**WORK ORDER:** In full and unchanged, set down the entries that follow, with no images.

(Captioned web images)
-=-=-=-=-

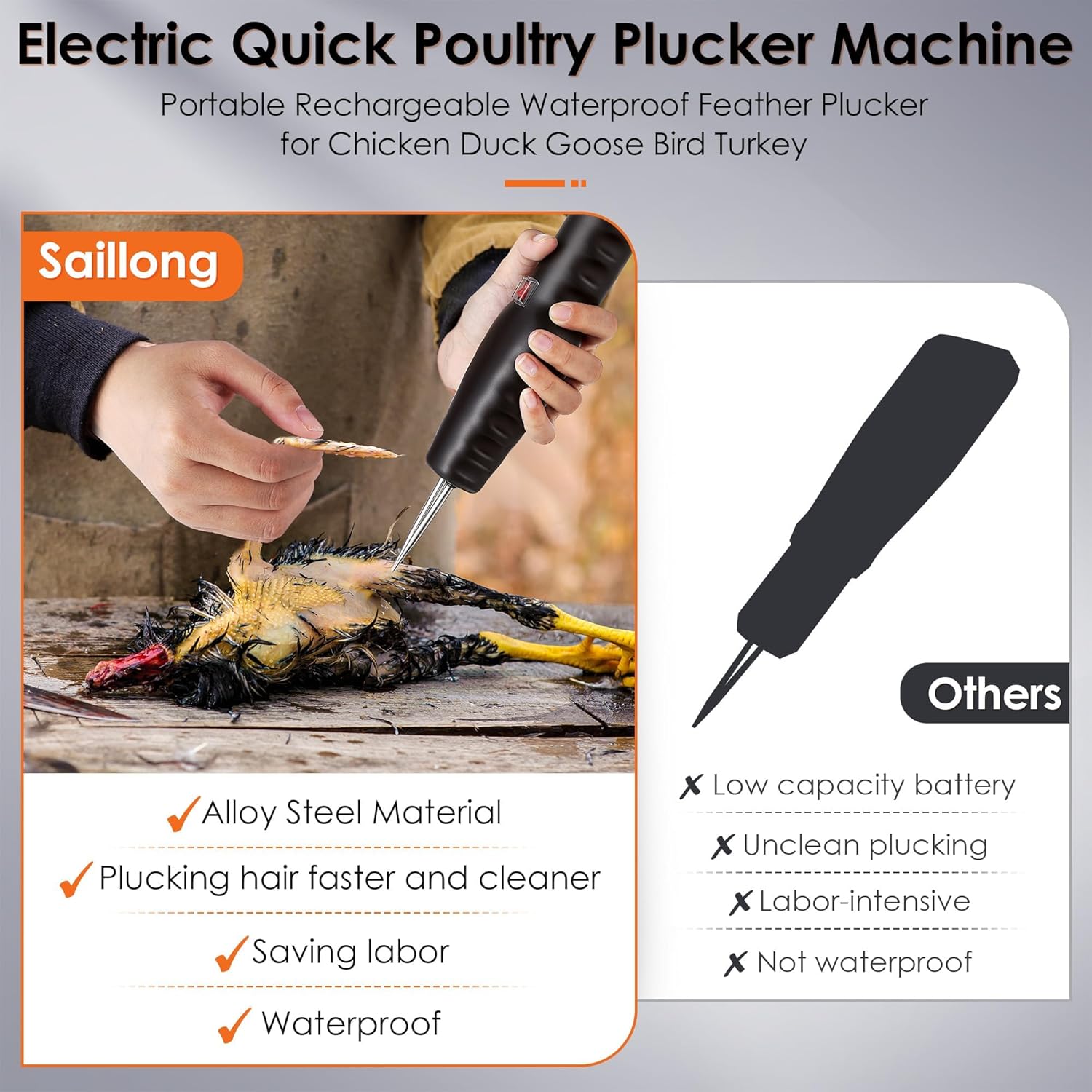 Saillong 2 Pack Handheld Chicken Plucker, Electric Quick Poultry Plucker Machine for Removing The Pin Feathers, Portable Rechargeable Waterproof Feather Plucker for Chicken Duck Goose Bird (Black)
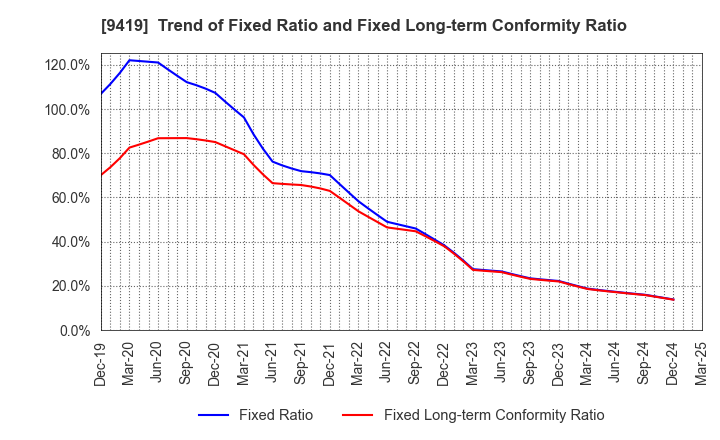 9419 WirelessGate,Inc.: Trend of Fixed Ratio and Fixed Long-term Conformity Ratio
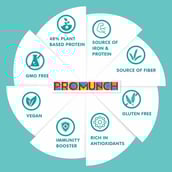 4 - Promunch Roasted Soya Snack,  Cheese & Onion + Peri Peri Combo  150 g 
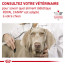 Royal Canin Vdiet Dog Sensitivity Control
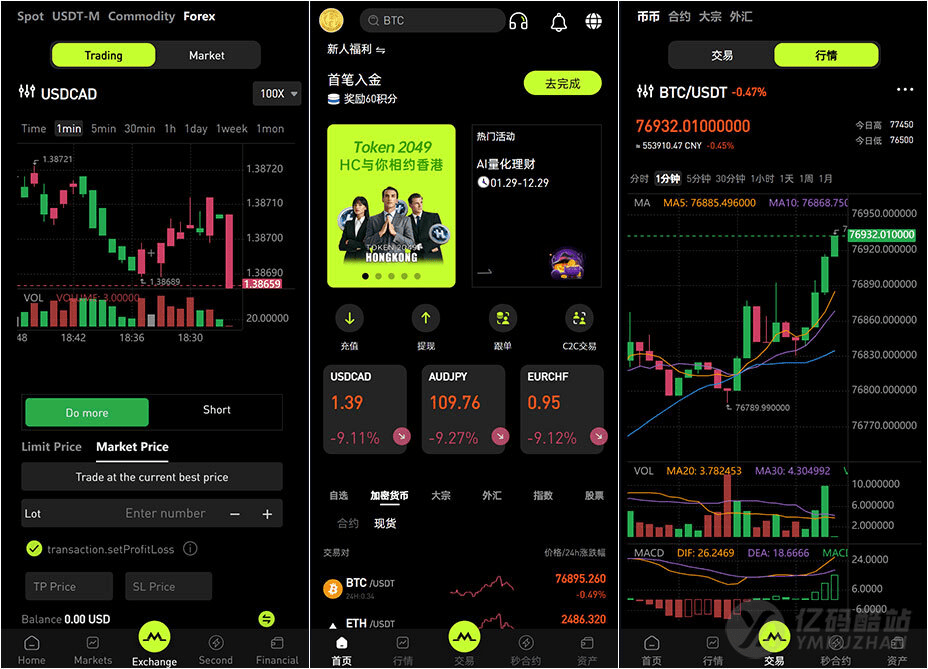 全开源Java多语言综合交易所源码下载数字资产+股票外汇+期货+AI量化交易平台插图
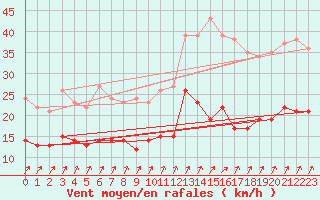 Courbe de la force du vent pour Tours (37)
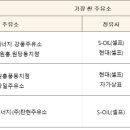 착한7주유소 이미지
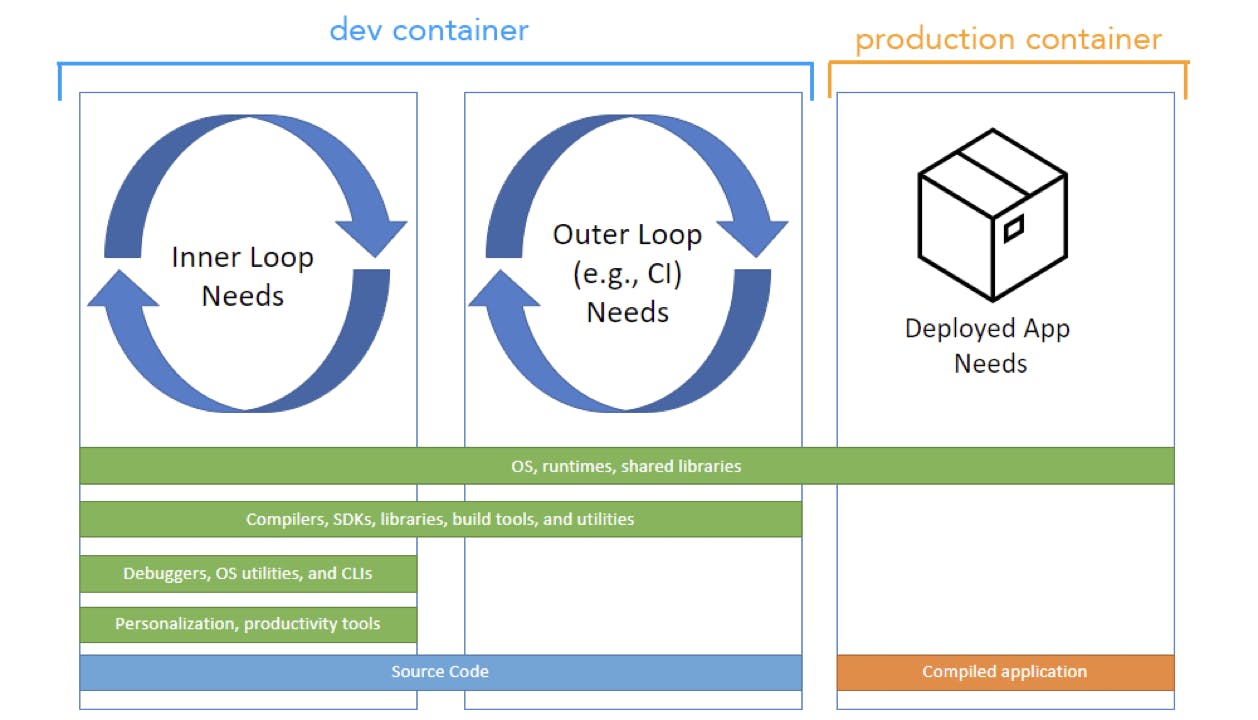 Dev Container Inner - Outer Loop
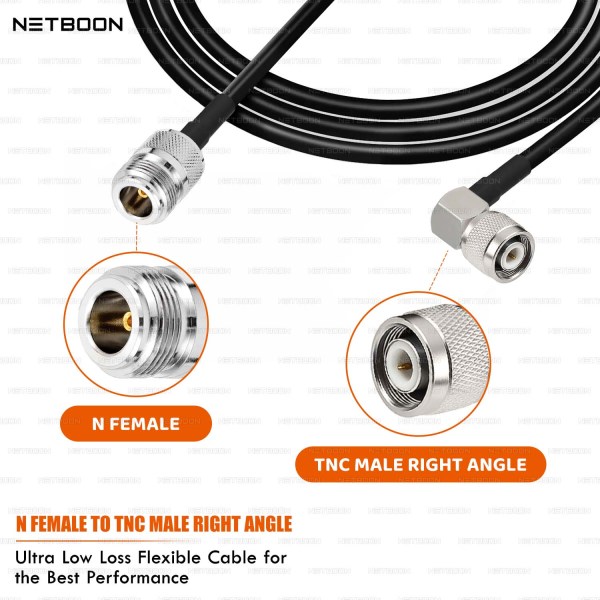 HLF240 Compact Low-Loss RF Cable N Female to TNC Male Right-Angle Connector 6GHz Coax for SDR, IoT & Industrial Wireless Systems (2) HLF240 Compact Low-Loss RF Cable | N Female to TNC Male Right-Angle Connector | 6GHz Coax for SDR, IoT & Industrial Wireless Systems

-=-=-=-=-

**EXPECTED OUTPUT:**
 Saillong 2 Pack Handheld Chicken Plucker, Electric Quick Poultry Plucker Machine for Removing The Pin Feathers, Portable Rechargeable Waterproof Feather Plucker for Chicken Duck Goose Bird (Black)
 9419 WirelessGate,Inc.: Trend of Fixed Ratio and Fixed Long-term Conformity Ratio
 4 - Promunch Roasted Soya Snack,  Cheese & Onion + Peri Peri Combo  150 g 
 Royal Canin Vdiet Dog Sensitivity Control
 全开源Java多语言综合交易所源码下载数字资产+股票外汇+期货+AI量化交易平台插图
 Courbe de la force du vent pour Tours (37)
 착한7주유소 이미지
 Dev Container Inner - Outer Loop
 HLF240 Compact Low-Loss RF Cable N Female to TNC Male Right-Angle Connector 6GHz Coax for SDR, IoT & Industrial Wireless Systems (2) HLF240 Compact Low-Loss RF Cable | N Female to TNC Male Right-Angle Connector | 6GHz Coax for SDR, IoT & Industrial Wireless Systems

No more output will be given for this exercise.